2 The Nix Package Manager

2.1 Introduction

Nix is a package manager that can be installed on your computer, regardless of the operating system. If you are familiar with the Ubuntu Linux distribution, you have likely used apt-get to install software. On macOS, you may have used homebrew for similar purposes. Nix functions in a comparable way but has many advantages over classic package managers, as it focuses on reproducible builds and downloads packages from nixpkgs, currently the largest software repository ¹.

What makes Nix particularly useful for reproducible projects? Why not use another package manager? Wouldn’t we achieve the same thing?

To answer that, let’s start from the beginning. To ensure a project is reproducible, you need to deal with at least four challenges:

Ensure the required version of your programming language (R, Python, etc.) is installed.
Ensure the required versions of all packages are installed.
Ensure all necessary system dependencies are installed (for example, a working Java installation for the {rJava} R package on Linux).
Ensure you can install all of this on the hardware you have on hand.

The current consensus for tackling the first three points is often a mixture of tools: Docker for system dependencies, {renv} or uv for package management, and tools like the R installation manager (rig) for language versions. As for the last point, hardware architecture, the only way out is to be able to compile the software for the target platform. This involves a lot of moving parts and requires significant knowledge to get right.

With Nix, we can handle all of these challenges with a single tool.

The first advantage of Nix is that its repository, nixpkgs, is humongous. As of this writing, it contains over 120,000 pieces of software, including the entirety of CRAN and Bioconductor. This means you can use Nix to handle everything: R, Python, Julia, their respective packages, and any other software available through nixpkgs, making it particularly useful for polyglot pipelines.

The second, and most crucial, advantage is that Nix allows you to install software in (relatively) isolated environments. When you start a new project, you can use Nix to install a project-specific version of R and all its packages. These dependencies are used only for that project. If you switch to another project, you switch to a different, independent environment. But this also means that all the dependencies of R and R packages, plus all of their dependencies and so on get installed as well. Your project’s development environment will not depend on anything outside of it.

This is similar to {renv}, but the difference is profound: you get not only a project-specific library of R packages but also a project-specific R version and all the necessary system dependencies. For example, if you need {xlsx}, Nix automatically figures out that Java is required and installs and configures it for you, without any intervention.
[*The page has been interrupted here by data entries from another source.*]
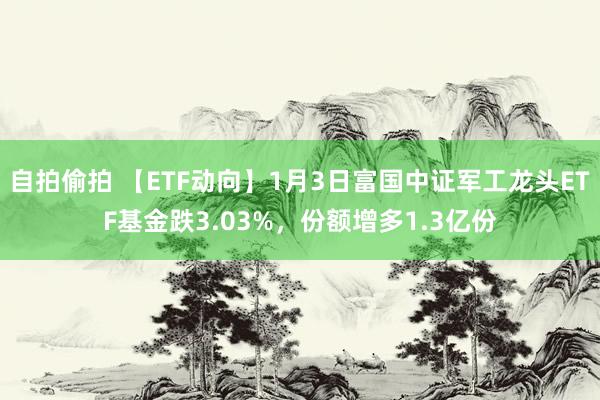 自拍偷拍 【ETF动向】1月3日富国中证军工龙头ETF基金跌3.03%，份额增多1.3亿份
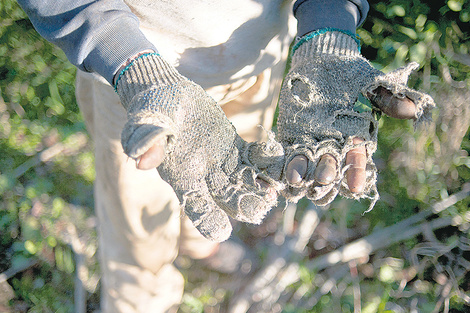 Explotación laboral en el sector rural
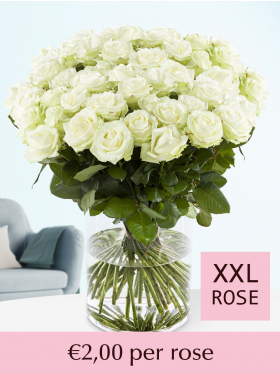 500 to 1001 white roses
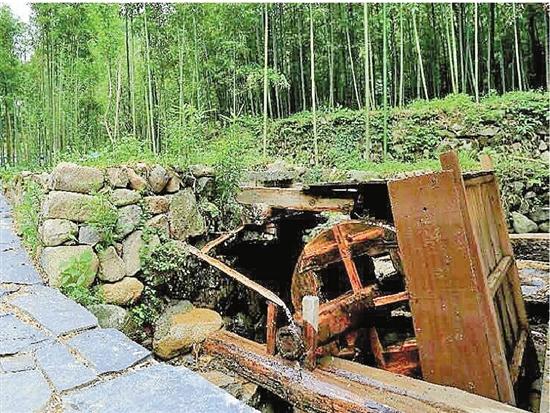 临安高虹镇：依托独特的生态优势打造“龙门秘境”山村振兴样板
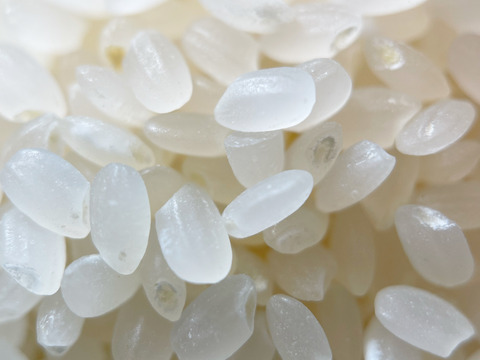 【リオレのレシピ付き】【新米/10kg】ふっくら、もっちり、甘い! 令和3年産 那須の麓のコシヒカリ 白米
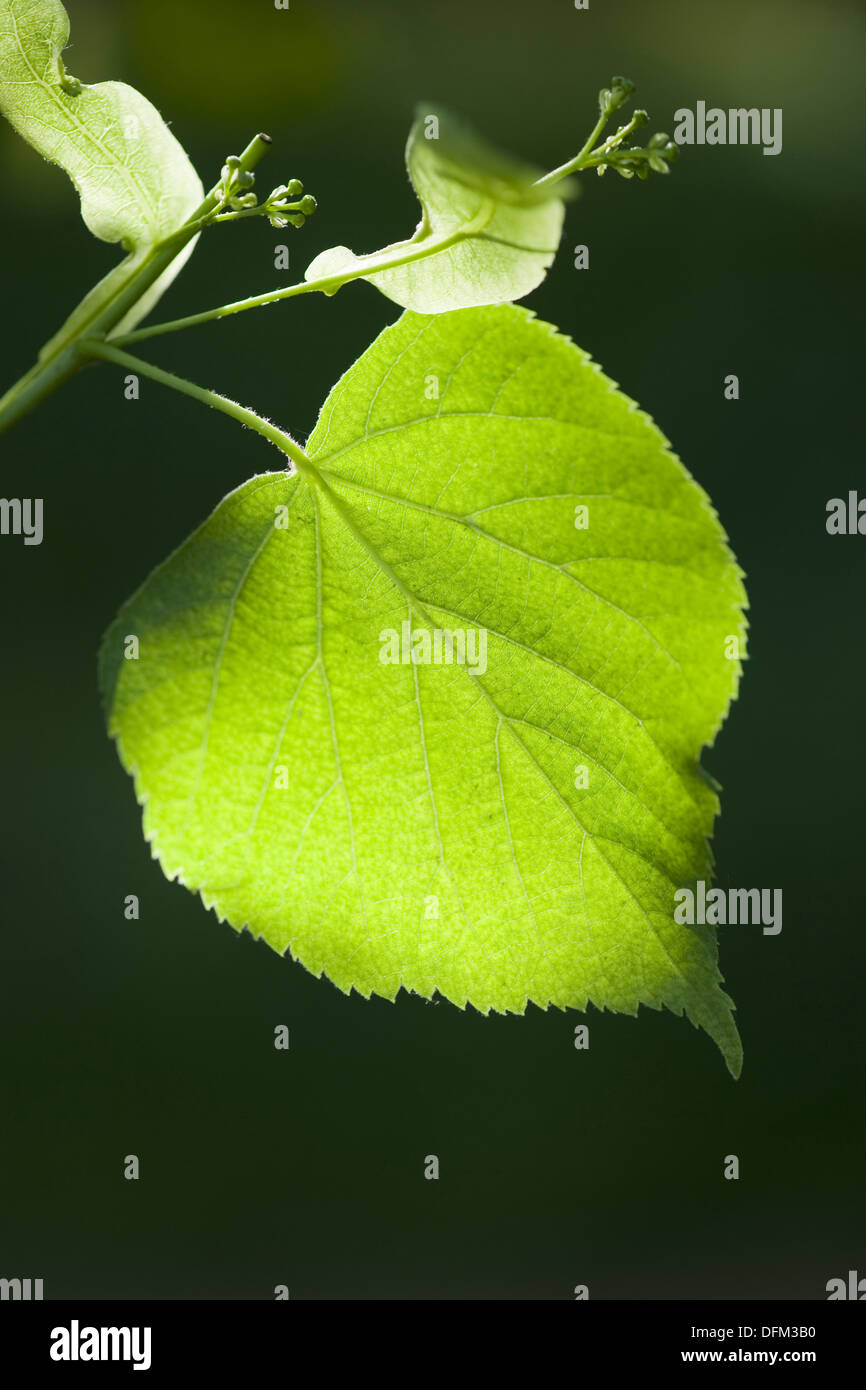 Linden hires stock photography and images Alamy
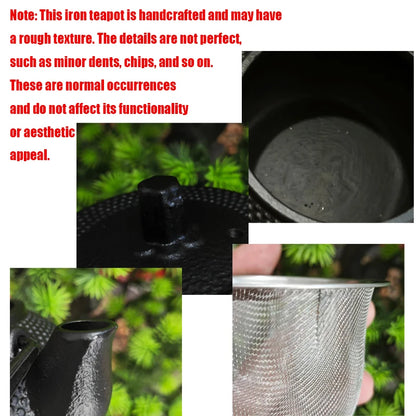 300ML Tea Pot with Stainless Steel Infuser Cast Iron Teapot Tea Kettle for Boiling Water Oolong Tea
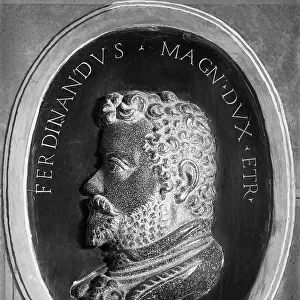 Ferdinando De Medici, porphyry, Pitti Palace, Florence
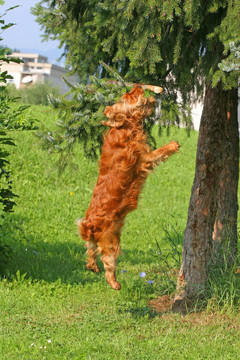 可卡犬
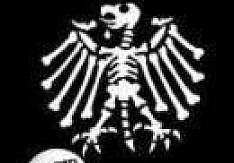 Die Toten Hosen – Bis zum bitteren Ende: Das Songbook mit allen Texten und allen Liedern die toten hosen bis zum bitteren ende songbook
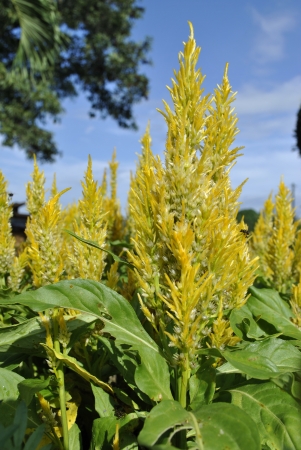 yellow cockscombの写真素材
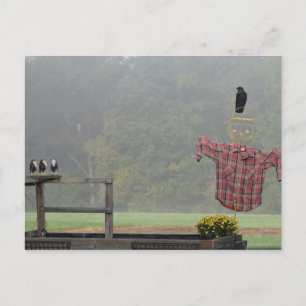 Herfst Groeten! Van de vogelverschrikker! Briefkaart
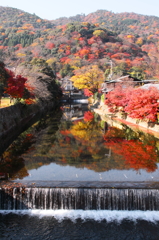 中ノ島橋の紅景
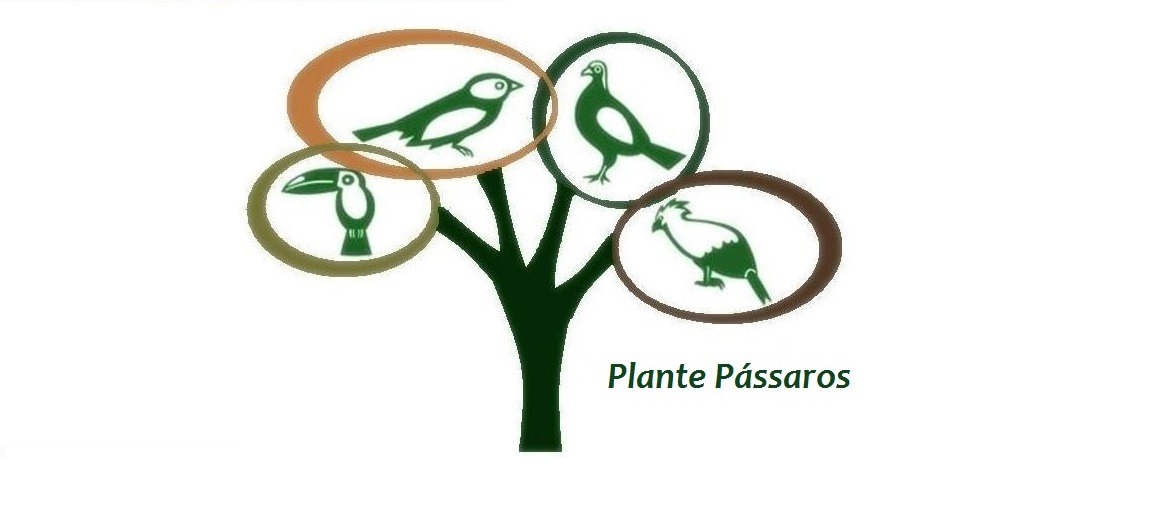 Plante Pássaros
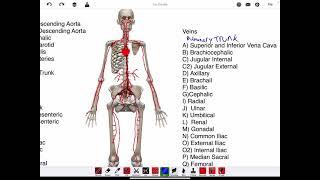 Veins for AnP2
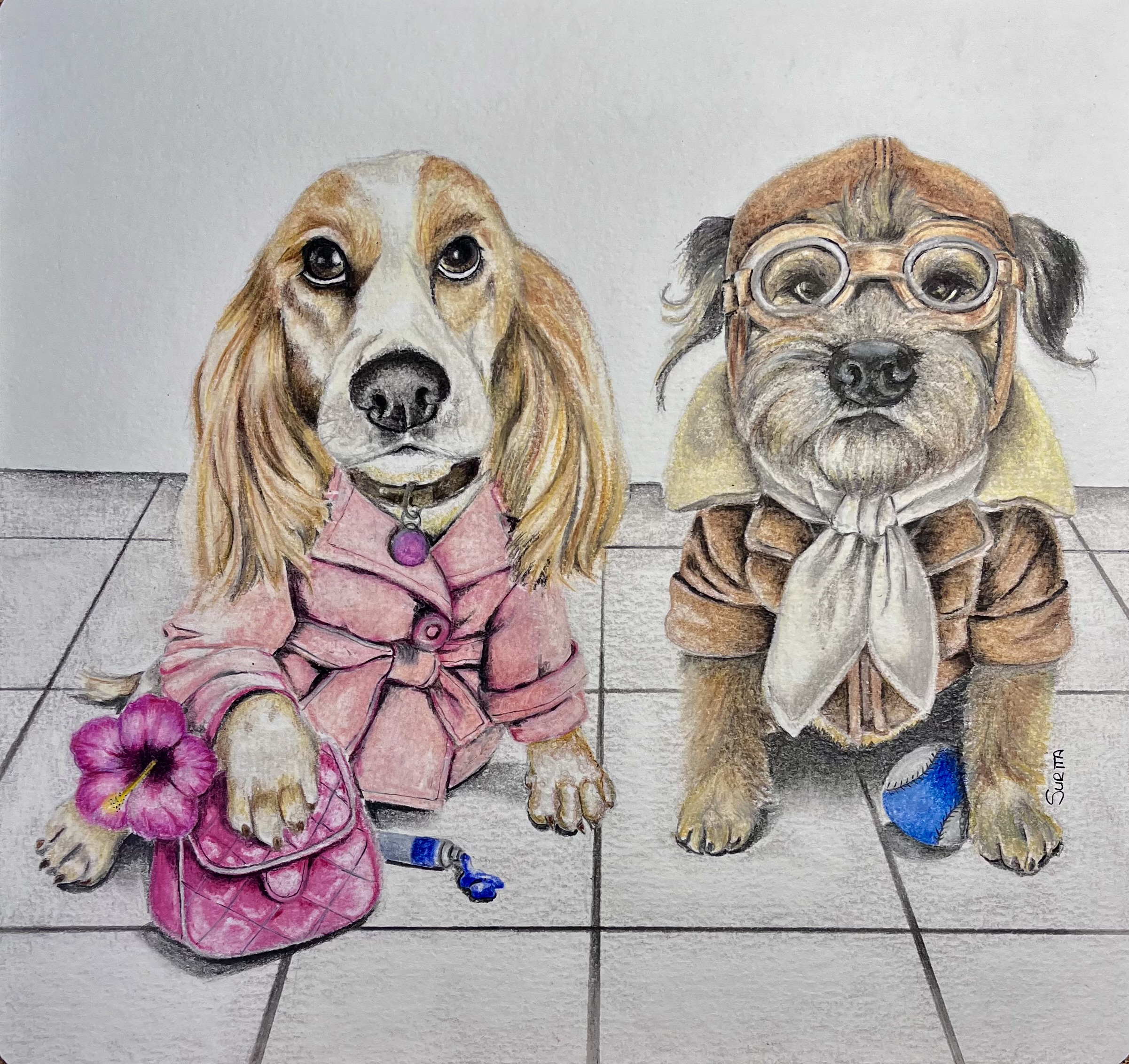 Pet Portrait Sample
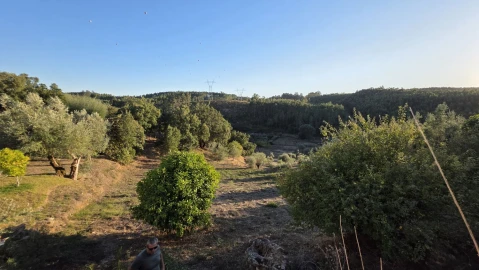 Moradia T3 para Venda em Ferreira do Zezere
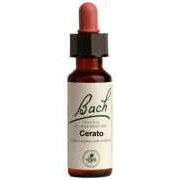 Bach Flower Essences Flower Essence Cerato 20 ml from Bach Flower Essences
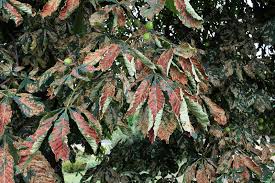 Attēlu rezultāti vaicājumam “Cameraria ohridella”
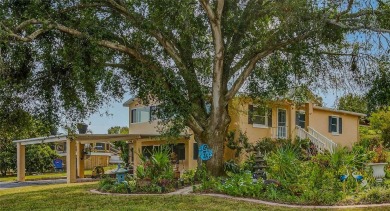 Lake Griffin Home For Sale in Lady Lake Florida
What’s more, you can pin your project to a specific revision of the nixpkgs repository. This ensures that every package Nix installs will always be at the exact same version, regardless of when or where the project is built. The environment is defined in a simple plain-text file, and anyone using that file will get a byte-for-byte identical environment, even on a different operating system.

2.2 Important Concepts

Before we start using Nix, it is important to spend some time learning about some Nix-centric concepts, starting with the derivation.

In Nix terminology, a derivation is a specification for running an executable on precisely defined input files to repeatably produce output files at uniquely determined file system paths.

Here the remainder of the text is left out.